In a Tuesday conference call with Iowa agricultural reporters, Sen. Chuck Grassley (R-Iowa) offered some state-of-the-art Republican doubletalk on climate change (maybe he read it in Glenn Beck's book). This is worth reading in full, in part to admire the blithely inconsistent muddle of it all, but also in part to marvel at just how second-nature this line of dissembling has become. These talking points are echoed almost verbatim up and down the conservative food chain, all the way from bottom-feeders like Marc Morano to U.S. Senators. No conservative has to think on his feet about it, or craft his own careful line on it.
Senator ... are you convinced greenhouse gas emissions cause climate change and are a threat to human health?

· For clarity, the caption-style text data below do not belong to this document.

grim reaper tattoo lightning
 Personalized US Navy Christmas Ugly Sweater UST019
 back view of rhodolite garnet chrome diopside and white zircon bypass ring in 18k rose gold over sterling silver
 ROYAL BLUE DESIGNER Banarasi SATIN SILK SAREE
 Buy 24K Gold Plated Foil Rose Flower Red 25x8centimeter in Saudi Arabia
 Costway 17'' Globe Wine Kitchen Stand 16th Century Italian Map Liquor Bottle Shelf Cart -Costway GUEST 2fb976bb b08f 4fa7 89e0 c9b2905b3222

GRASSLEY: Well, I'd be foolish if I didn't give -- I'd be foolish if I didn't give it some consideration because there's a massive amount of scientists that feel that it does. But there's also an increasing number of scientists that have doubt about it.
And so, not being a scientist, I don't know exactly where to say only those things that are really quantifiable, and temperature has risen. But the scientific aspect that I still reserving judgment on is the extent to which it's manmade or natural.
And it's reasonable, considering that there's at least a natural factor in it, because historically, and you can go to the core drillings in the glaciers to get proof of this, that we've had decades and decades, and maybe even centuries of periods of time when there's been a tremendous rise in temperature, and then a tremendous fall in temperature. And all you've got to do is look at the little ice age of the mid-last millennia as an example. And so we've got to single out what's natural and what's manmade before you can make policy.
Now, a lot of members of Congress and most environmentalists are -- are absolutely convinced manmade is the -- is the factor -- chief factor here. But I -- I want to, before I vote on it, be more conclusive in my judgment, and I haven't reached that conclusion at this point.
But it's enough to know that I think that even if it is manmade entirely, and so there's justification for the legislation, you still have to deal with the reality factors that domestically there's a very unlevel playing field between California and New York that benefit financially from it, and the Midwest and the Southeast United States that's going to be hurt; and then the unlevel playing field if you don't include India and China, an unlevel playing field with the United States versus those countries.
And so -- so we don't want to lose all of our manufacturing to China. We've already lost a lot.
We -- it's better to have an international agreement and include China and India in it.
It's a greatest hits parade!
Individually each point is utterly bankrupt, but note how if you're not paying attention, the answer just kind of slides in a haze of aw-shucks blather and faux-erudition. What the average Iowan hears is "blah blah blah don't let 'em take yer money!!! blah blah."
This is why, as I've written before, I really think conservative legislators and pundits should be nailed down on this question. Do you believe there's a threat or don't you? And if you don't, why don't you trust the National Academy of Sciences or the multi-agency climate science review begun under Bush?
This "golly I just ain't convinced!" shtick was intellectually tired a decade ago. It's hard to believe they're still getting away with it.